A Practical Framework for Implementing Synthetic Data in Central Bank Statistical Business Processes
Conference
Format: CPS Abstract - IAOS 2026
Keywords: "statistical, ; privacy-enhancing technologies (pet), business-processes, statistical_datagovernance, synthetic data
Session: Economic and banking statistics innovation
Wednesday 13 May 11 a.m. - 12:30 p.m. (Europe/Vilnius)
Abstract
Central banks require high-quality, granular and timely statistics to support monetary policy formulation, payment system oversight, and financial system stability. Rapid digitalisation and rising analytical complexity increase the need for flexible data environments that enable methodological experimentation, robust model testing, and end-to-end digital transformation of statistical processes.
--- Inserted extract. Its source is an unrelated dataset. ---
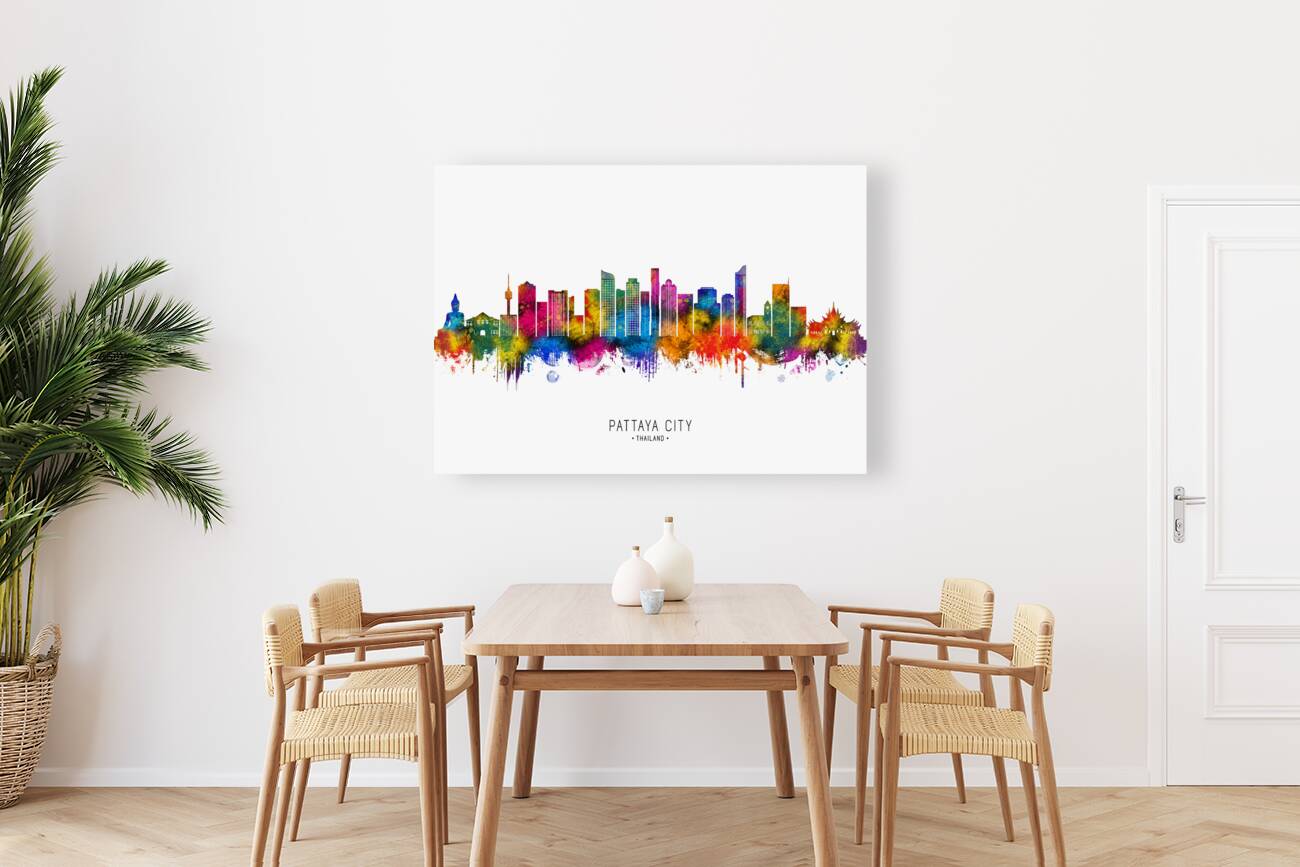 Pattaya City Thailand Skyline Reproduction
However, these ambitions are constrained by strict confidentiality, personal data protection obligations, and the imperative to preserve public trust. In this context, synthetic data offers promising capability, provided its role is clearly bounded and governed.
This paper proposes a practical framework for implementing synthetic data within central bank statistical systems. The framework is designed around three objectives: (i) creating a safe experimentation space via data augmentation to test and compare statistical methods before implementation, (ii) enabling privacy-preserving transparency and controlled sharing, and (iii) accelerating digitalised processing through realistic augmentation that strengthens model performance while maintaining governance discipline.
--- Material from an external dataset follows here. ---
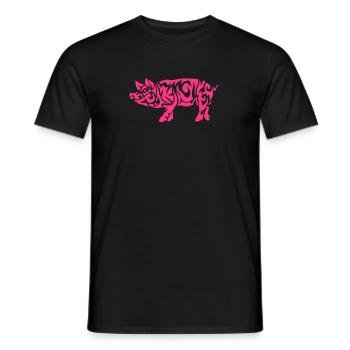 tribal pig pig 107 - Men's T-Shirt - black - Front - AI Model Male 178 light (178cm)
The framework is constructed through a structured methodology combining internal governance and regulatory analysis with external literature review and benchmarking, followed by iterative evaluation with academic and industry stakeholders. It is aligned with the Generic Statistical Business Process Model (GSBPM) and integrates synthetic data across four key stages: methodological development, statistical processing, dissemination, and evaluation. To protect statistical integrity, the framework establishes explicit usage rules by classifying use cases into encourage, conditionally allowed, and discouraged practices.
Governance is anchored on two complementary pillars: synthetic data as a Privacy-Enhancing Technology (PET) to enable safe experimentation and controlled data sharing through systematic management of re-identification risks, and as a methodological augmentation instrument to strengthen analytical capability. These pillars are guided by core principles of trustworthiness, relevance, utility and quality, security and privacy, robustness, and transparency, supported by a lifecycle approach spanning data understanding, preprocessing, generation, evaluation, and risk assessment.
Although grounded in Bank Indonesia’s context, the framework provides transferable guidance for central banks seeking to institutionalise synthetic data in a way that supports innovation and modernising their statistical systems while safeguarding the credibility of official statistics or public trust.